Records supplied Start Marker

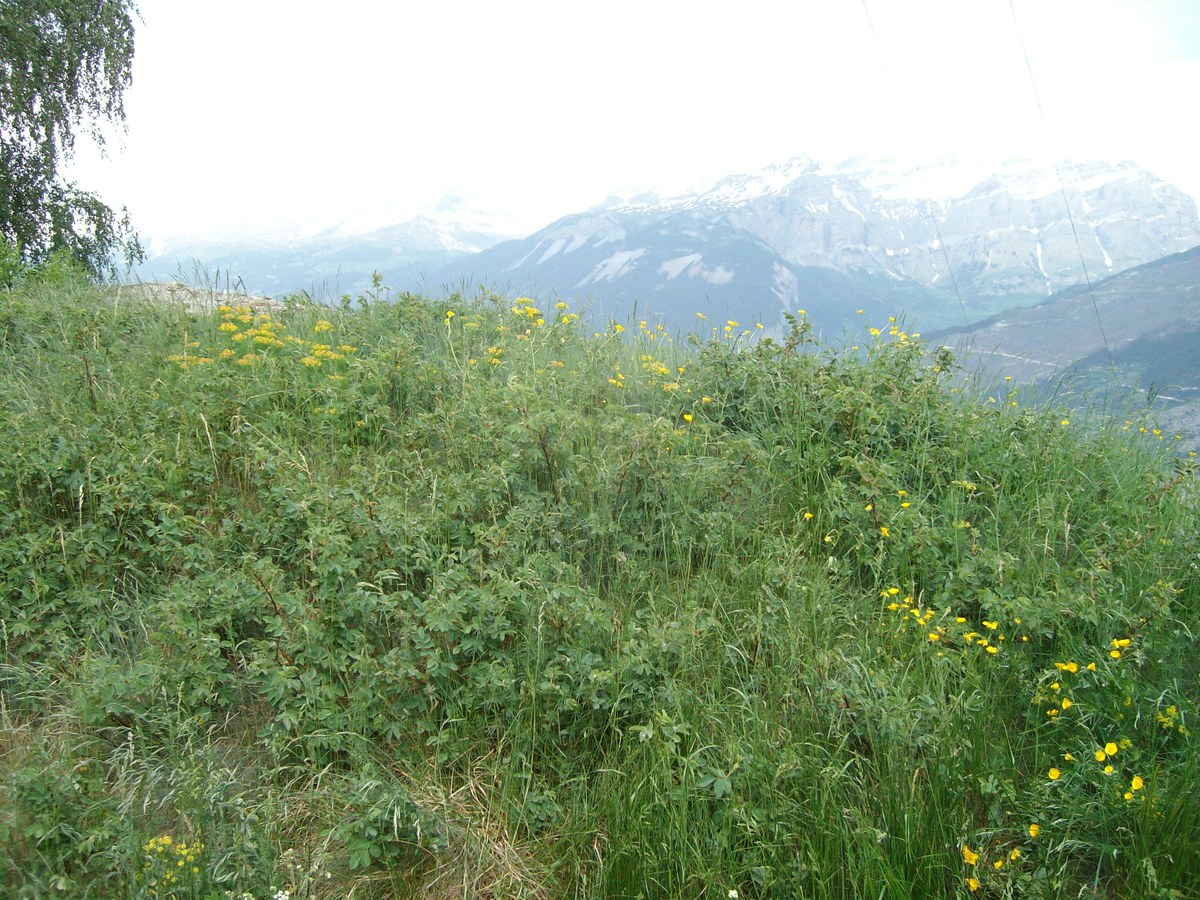 R. villosa Population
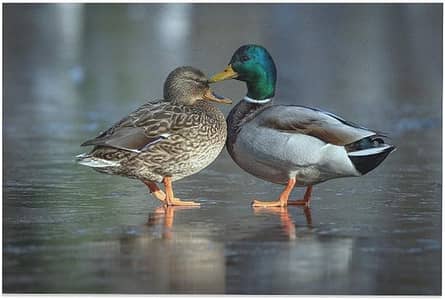 Healthy Duck Pair for Sale  Beautiful Male & Female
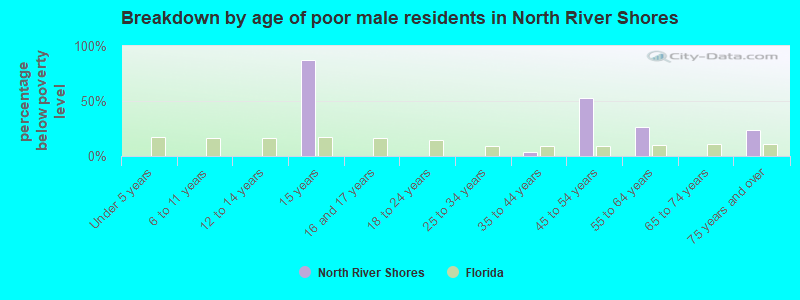 Breakdown by age of poor male residents in North River Shores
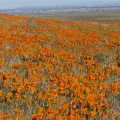 Antelope Valley California Poppy Reserve, near Lancaster, California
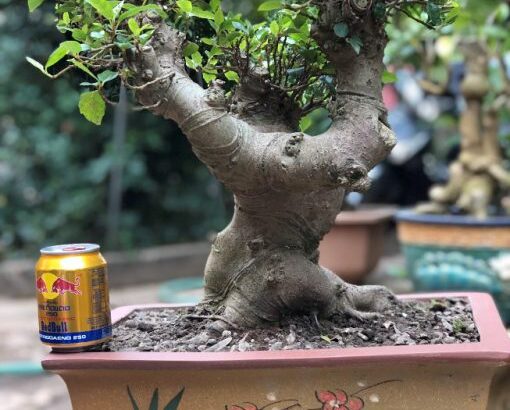Cây sung cảnh bonsai mini siêu quả  – mã SC24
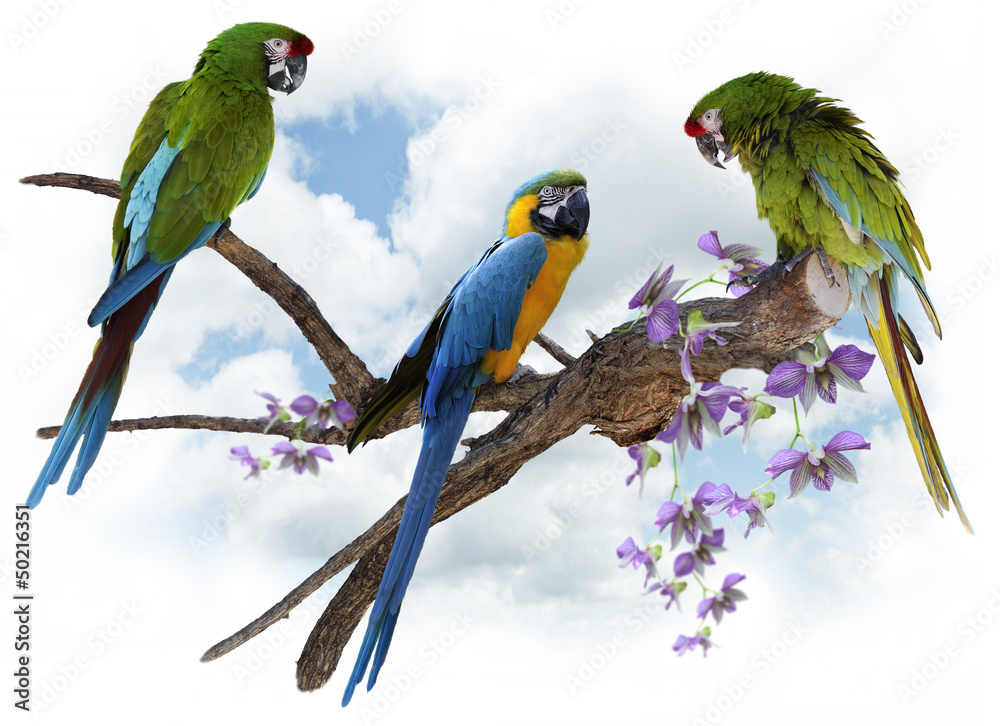 Obraz premium Macaw Parrots Perching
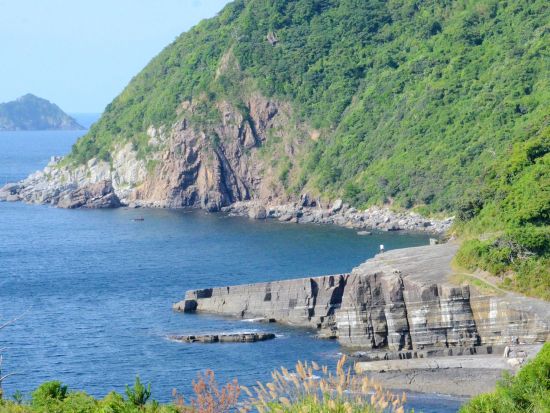 萩ジオパーク 須佐ホルンフェルス ジオガイドツアー！マグマの熱の影響を受けて誕生した断層を観察しよう＜午前・午後／1時間／萩市＞by 萩ジオパーク推進協議会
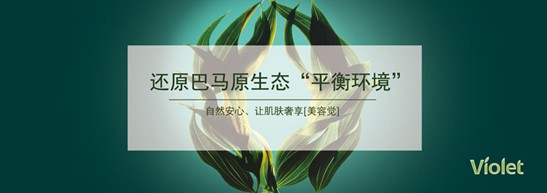 ����˯����ه��Violet���C�Ҽ�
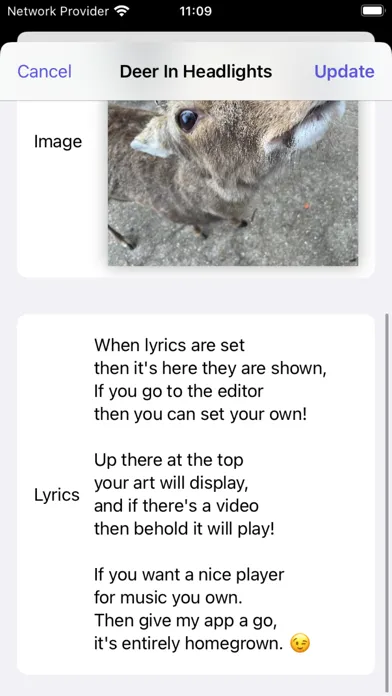 Скриншоты Medlied Media Library & Editor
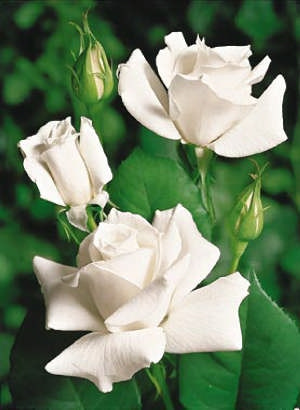 Čajová ruža White Star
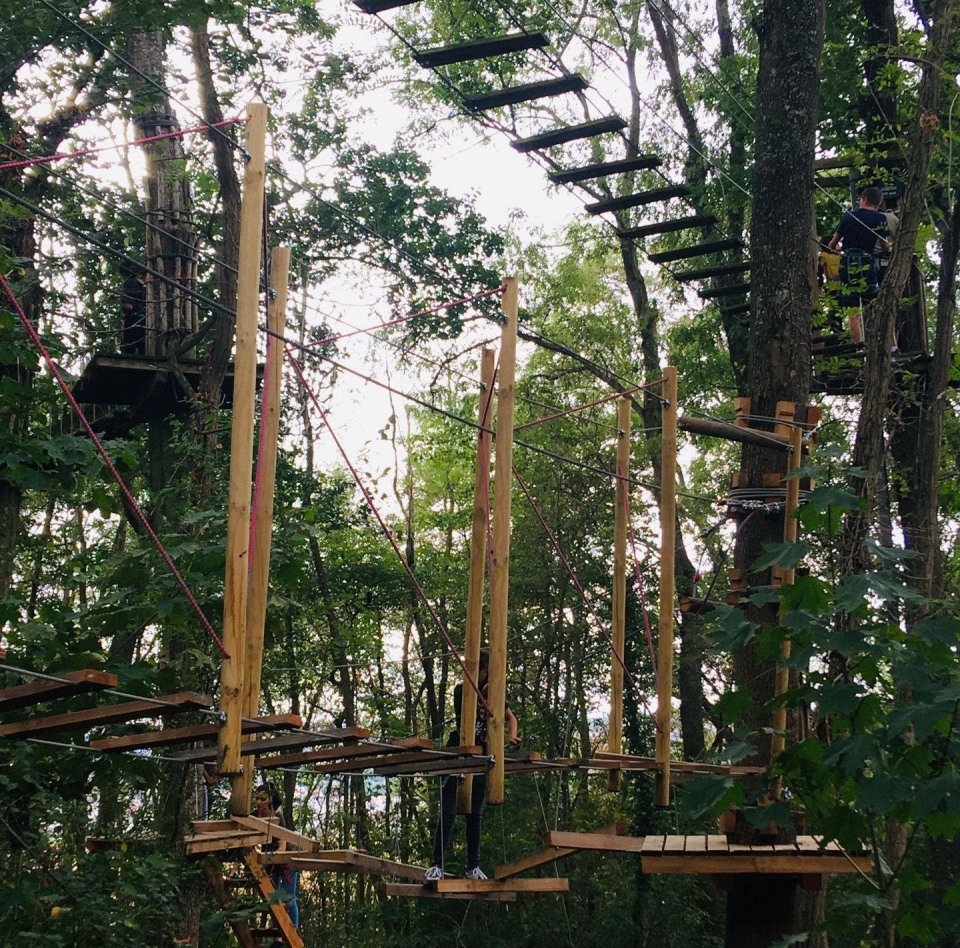  70 talleres en los árboles 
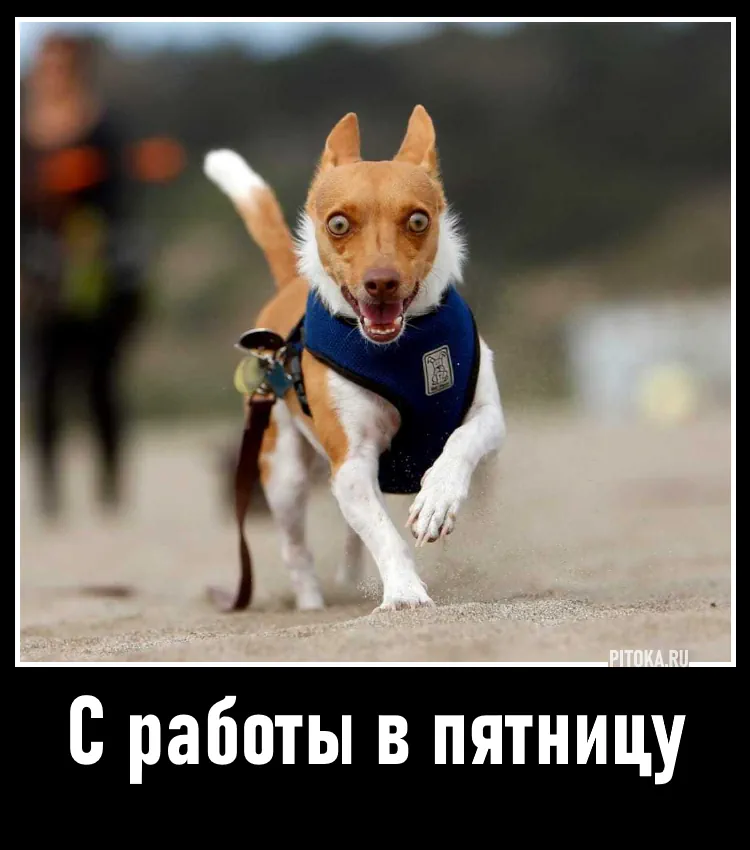 ВЫБ у тебя его нет DEMOTIVATORS.RU / Матрица 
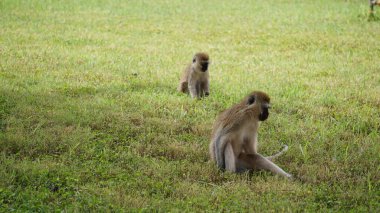 Kenya 'daki Amboseli pansiyonunda maymunlar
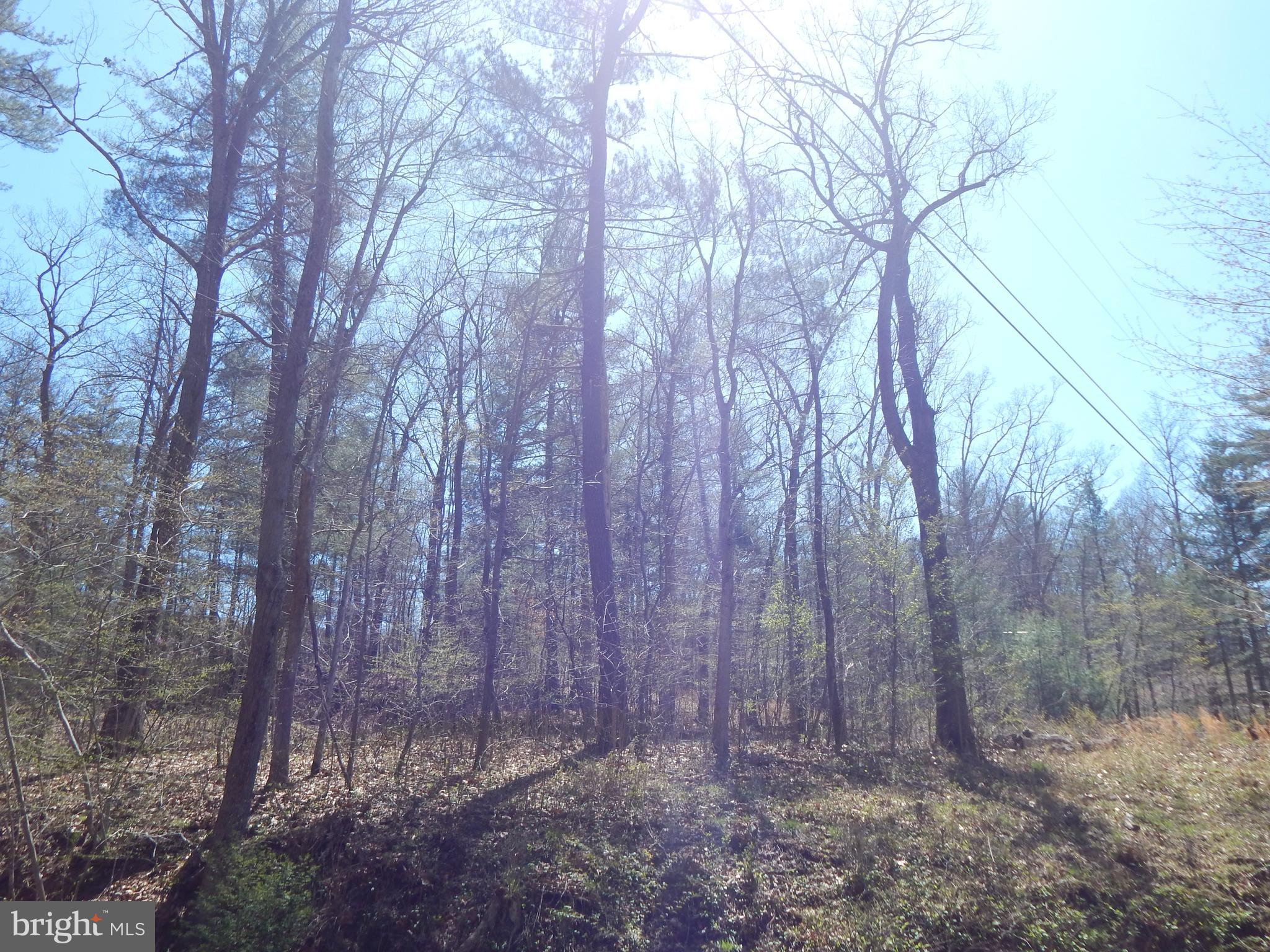 Lot 1 Cannon Hill Road Hedgesville, WV 25427 - Photo 18 of 19 a view of backyard with trees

Records supplied End Marker

*Instructions for the task:*
If an entry holds a picture, leave the picture out and repeat the rest exactly.

*Expected answer:*
 R. villosa Population
 Healthy Duck Pair for Sale  Beautiful Male & Female
 Breakdown by age of poor male residents in North River Shores
 Antelope Valley California Poppy Reserve, near Lancaster, California
Cây sung cảnh bonsai mini siêu quả  – mã SC24
 Obraz premium Macaw Parrots Perching
 萩ジオパーク 須佐ホルンフェルス ジオガイドツアー！マグマの熱の影響を受けて誕生した断層を観察しよう＜午前・午後／1時間／萩市＞by 萩ジオパーク推進協議会
 ����˯����ه��Violet���C�Ҽ�
 Скриншоты Medlied Media Library & Editor
 Čajová ruža White Star
  70 talleres en los árboles 
 ВЫБ у тебя его нет DEMOTIVATORS.RU / Матрица 
 Kenya 'daki Amboseli pansiyonunda maymunlar
 Lot 1 Cannon Hill Road Hedgesville, WV 25427 - Photo 18 of 19 a view of backyard with trees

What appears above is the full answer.